Slope is a small automatic differentation (AD) engine, focused on machine learning (ML) Tensor semantics are similar to Pytorch, functional API is similar to JAX, tensor operators code is heavily derived from tinygrad.

Example:

import slope

def f(x):
    y = x * 2.0
    return y.sum()

x = slope.tensor([1.,2.,3.])
gf_x = slope.grad(f)(x)
print(f"{gf_x=}")
gf_x=<Tensor: val=
[2. 2. 2.]
shape=(3,), dtype=float32, device='cpu:0'>

Install

git clone https://github.com/radenmuaz/slope
cd slope
pip install -e .

Or you can just copy src/slope to your projects.

Features

  1. Forward-mode, reverse-mode, and higher-order AD.

  2. Just-in-time compilation, with interchangeable backends, supporting CPU, CUDA and Metal:

    • ONNX Runtime (ONNX graph); this is the default backend
    • IREE (StableHLO MLIR)
    • NumPy (Python code)
  3. Training and inference, examples:

  4. Small (?)

    • <3000 lines of core code slope/core.py, after run with black src --line-length 140
  5. Operators and procedures system

    • 33 core operators defined in slope/operators.py
      • Unary: exp log sin sqrt invert cast stop_gradient
      • Binary: add mul sub div pow equal less greater maximum
      • Reduce: sum max
      • Shape: reshape expand permute slice pad flip cat
      • Init: full arange random_normal random_uniform
      • GeneralReduce: matmul conv gather_nd scatter_nd
    • Composite operators system with "procedures" slope/procedures.py
      • Procedures are functions containing calls to operators, exposed with Tensor.procedure_name(*args) syntax.
      • Useful for definitions like:
        • x.cos(), where def cos(x): return (math.pi/2 - x).sin()
        • x.conv_transpose(w): where def conv_transpose(x, w): ... is a very long function.
    • An operator can be directly implemented as code translation to backend, or fallback to a procedure, e.g. there is conv procedure in case the backend has no implementation for it.
  6. Extensible

Quickstart

There are many examples in examples/ folder.

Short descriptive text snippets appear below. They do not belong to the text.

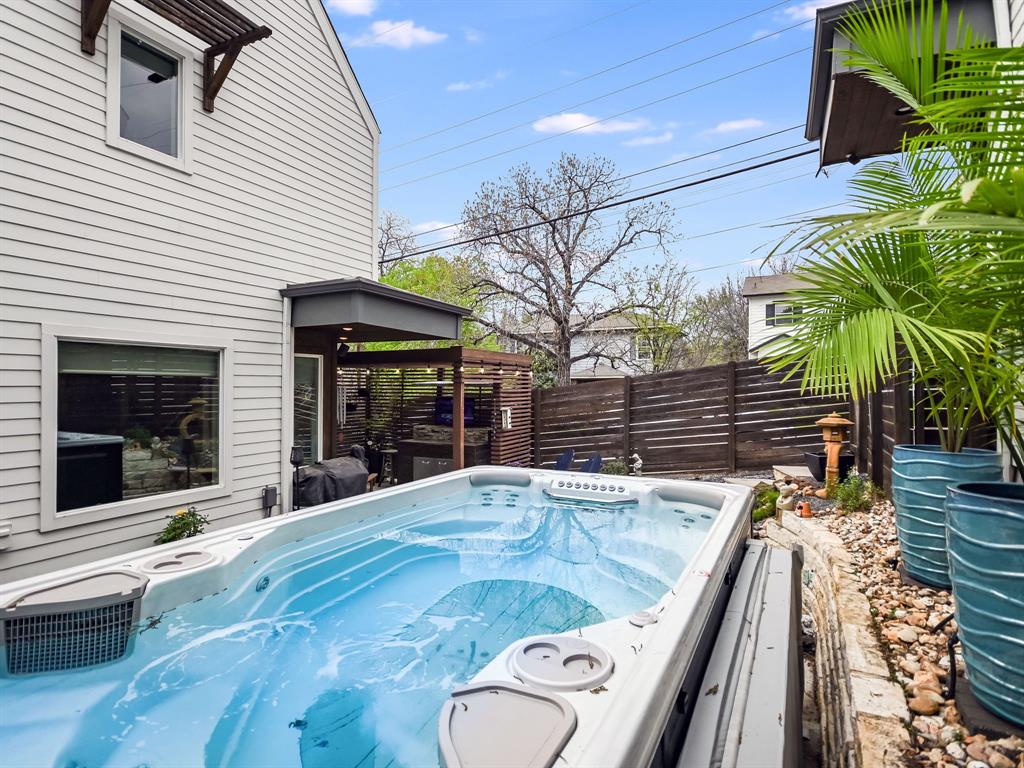 1215 Maple Ave, Austin, Texas, 78702, United States, 4 Bedrooms Bedrooms, ,4 BathroomsBathrooms,Residential,For Sale,1215 Maple Ave,1409568
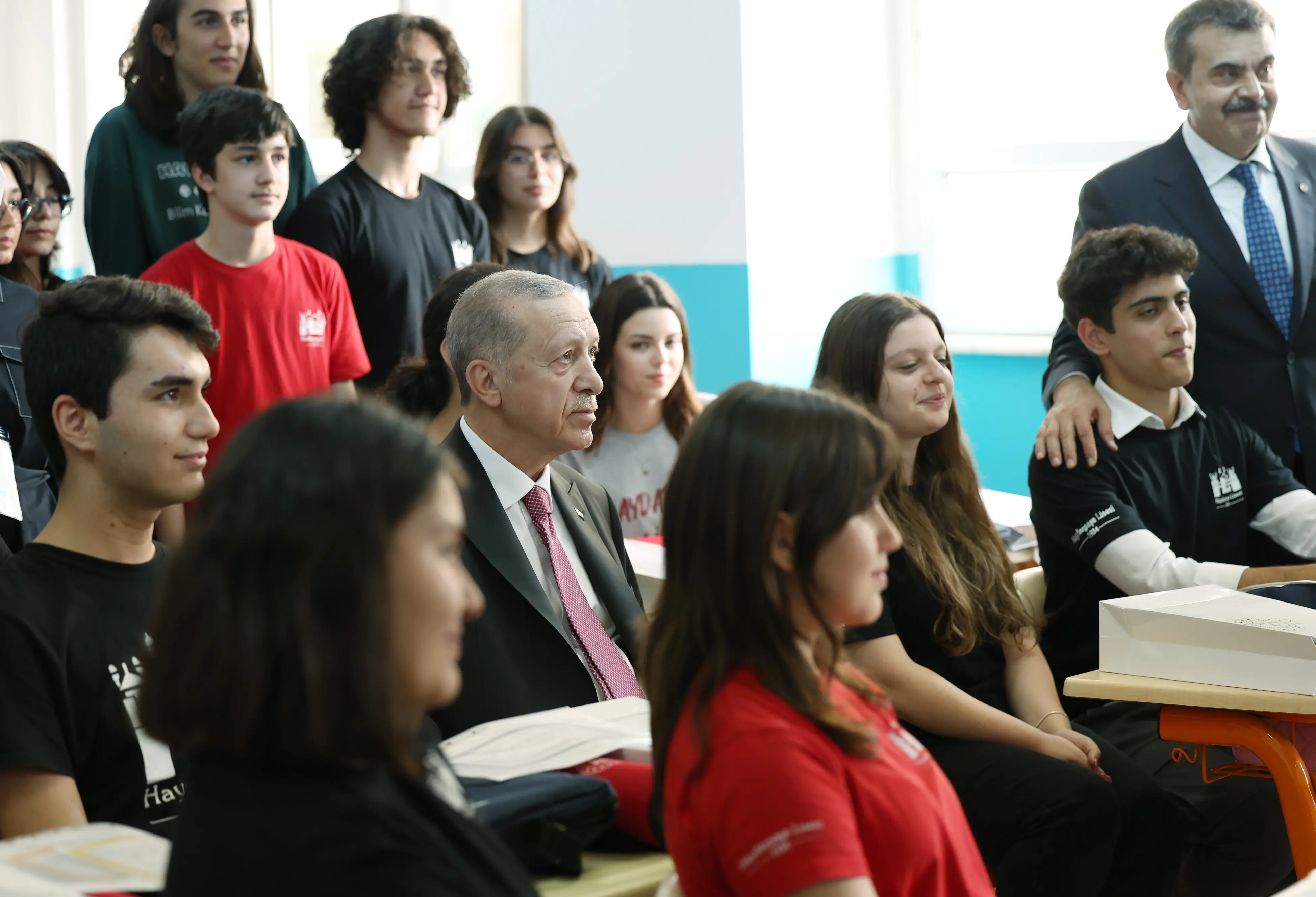 Cumhurbaşkanı Erdoğan'dan karne günü mesajı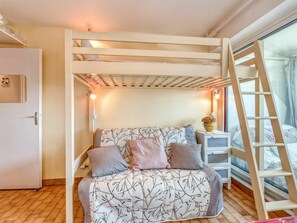 Möbel, Komfort, Holz, Gebäude, Beleuchtung, Interior Design, Bett, Fussboden, Kissen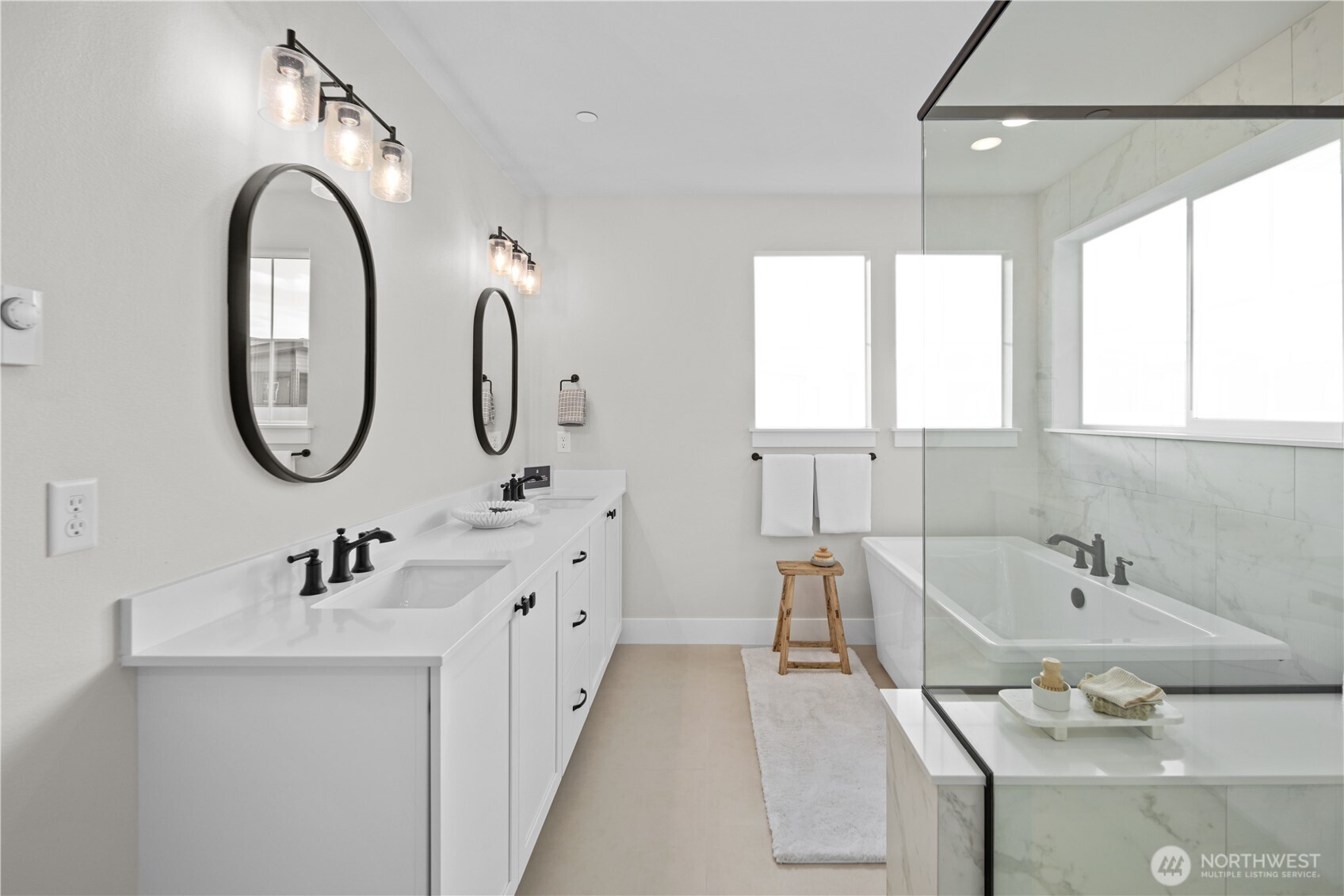 14330 148th Place NE Unit: 27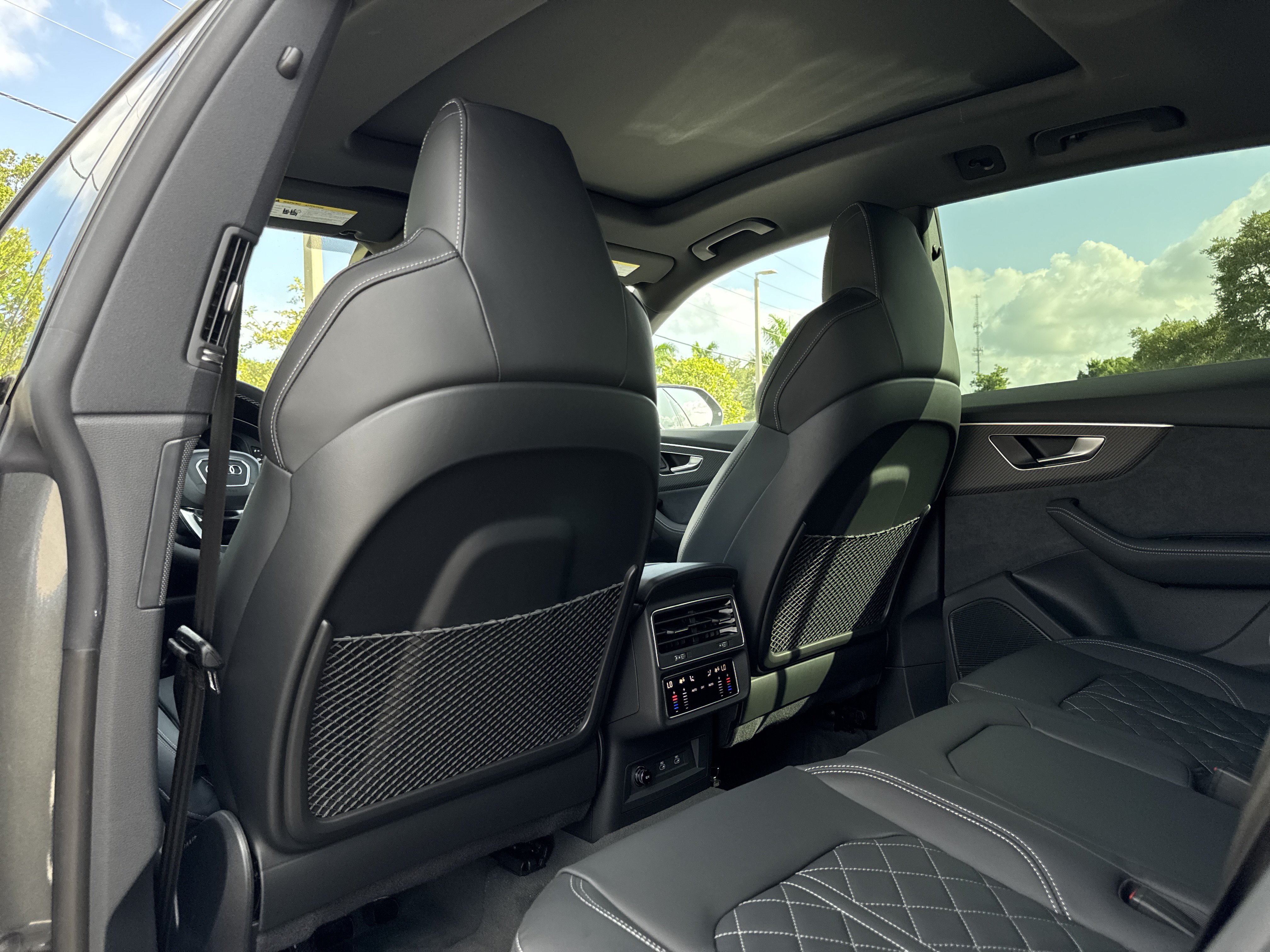 New 2026 Audi SQ8 Premium Plus AWD/4WD image 16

We start by running MNIST classifier training, examples/nn/mnist_mlp.py

python examples/nn/mnist_mlp.py
Starting training...
...
Train epoch: 2, batch: 299/300, loss: 12.51: 100%|██████████████████████████████████████████████████████████████████████| 300/300 [00:02<00:00, 139.36it/s]
Epoch 2 in 2.15 sec
Test set accuracy 0.97

By setting the SLOPE_BACKEND flag, we change the backend to either iree (default), onnxruntime and numpy. We can also set LOG_JIT=1 to verbose print the backend output.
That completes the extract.